I am reading the following paper, which describes a technique based on image reconstruction with PCA:
Luis Malagón-Borja, Olac Fuentes, Object detection using image reconstruction with PCA, Image and Vision Computing, Volume 27, Issue 1, 2009, Pages 2-9, ISSN 0262-8856, http://dx.doi.org/10.1016/j.imavis.2007.03.004.

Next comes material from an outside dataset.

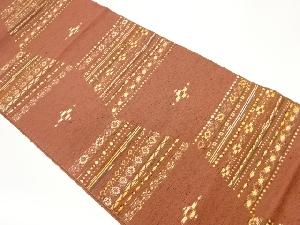 抽象幾何学模様織出し名古屋帯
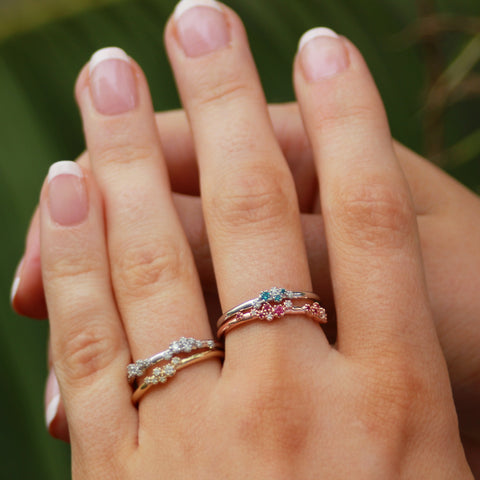 STELLA - White Diamond and Pink Sapphire Petite Stacker Ring -  Paddington Jeweller - OJ Co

The relevant step is where the reconstruction error is described. Given an image $u$, its projection $p$ onto a set of principal components $P$ (computed from an image set) is given by $p = P(u - \mu)$, where $\mu$ is the mean of the image $u$ as a vector. Thus, its reconstruction $u'$ is given by: $$u' = P^{T}p + \mu = P^{T}P(u - \mu) + \mu.$$ What I am having trouble understanding is the following. If P is the set of principal components obtained via PCA, it is also an orthogonal matrix. If P is orthogonal, wouldn't it be the case that $P^{T}P=PP^{T}=I$, and consequently $u' = u$? I am sure that I am interpreting something wrong, since this would imply a perfect reconstruction no matter what dataset P was computed from.

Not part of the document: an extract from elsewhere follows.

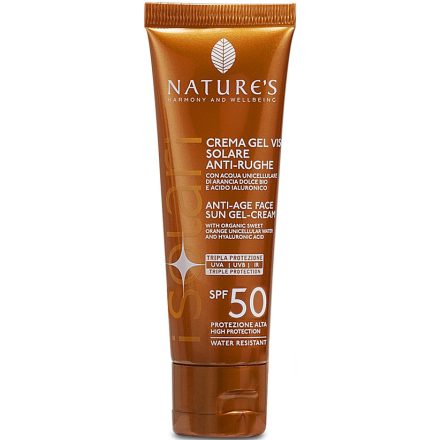 Anti-aging napvédő gélkrém arcra SPF50 50 ml Nature's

$P$ is the matrix whose columns are the first $k$ eigenvectors of $C$.
Hence, $P \in \mathbb{R}^{ rc \times k}$
Hence $P^TP =I_k \in \mathbb{R}^{k \times k}$.
Also $PP^T \in \mathbb{R}^{rc \times rc}$, if $k < rc$, this is a singular matrix.
Remark: I do think the authors are confused about $PP^T$ and $P^TP$.
The matrix multiplication $p=P(u - \mu)$ does not makes sense as the size is not compatible.